* _Data segment_

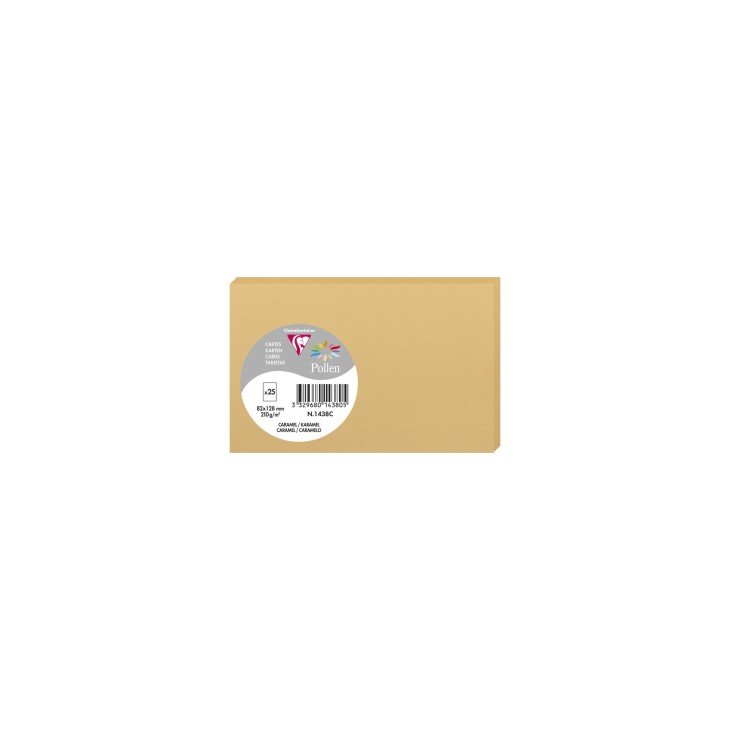 25 cartes CLAIREFONTAINE Pollen - 82 x 128 mm - 210 g/m² - Caramel - 3329680143805
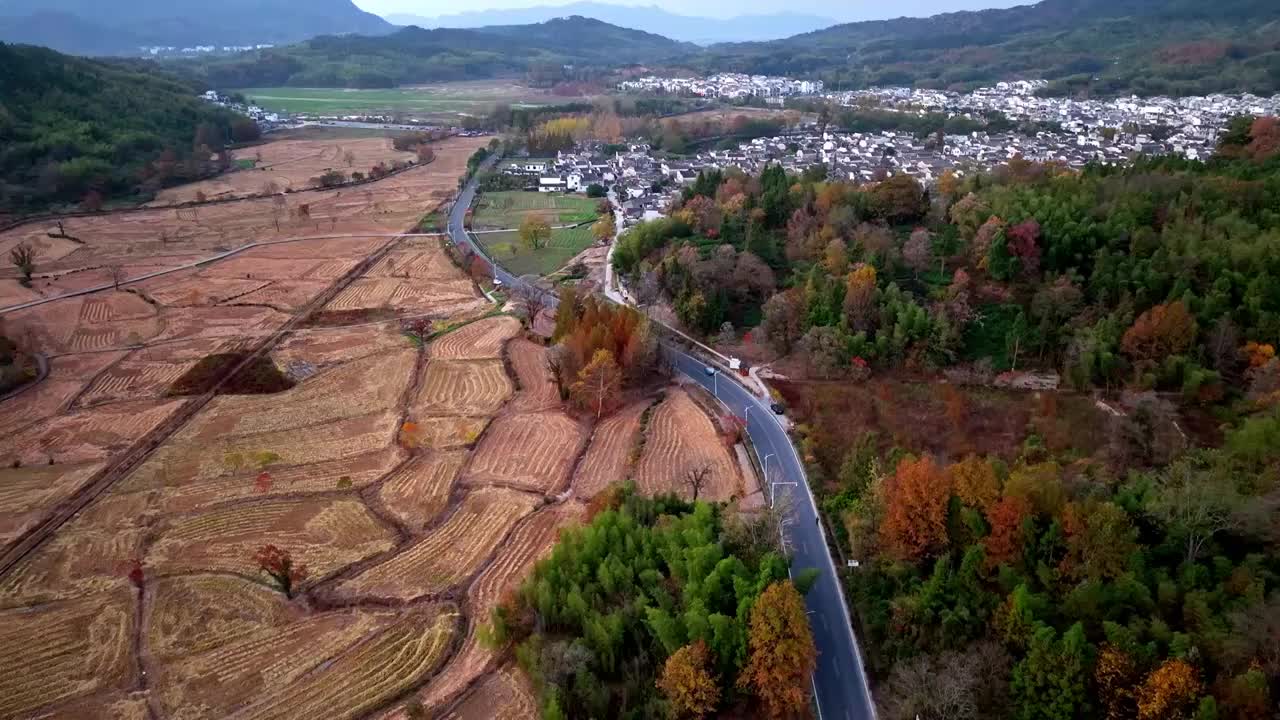 安徽黄山宏村秋色视频素材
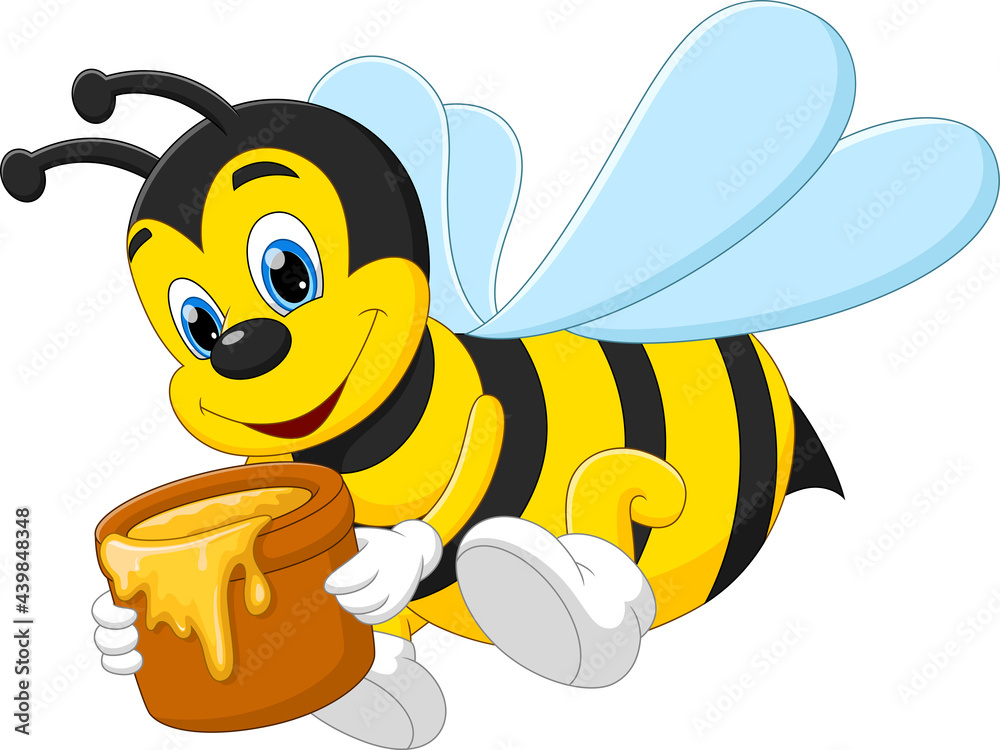 cartoon cute bee carrying honey in a bucket Stock Vector | Adobe Stock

* _Exercise requirements_
Copy out the data above exactly, except the pictures.

* _Expected answer_
 25 cartes CLAIREFONTAINE Pollen - 82 x 128 mm - 210 g/m² - Caramel - 3329680143805
 安徽黄山宏村秋色视频素材
 cartoon cute bee carrying honey in a bucket Stock Vector | Adobe Stock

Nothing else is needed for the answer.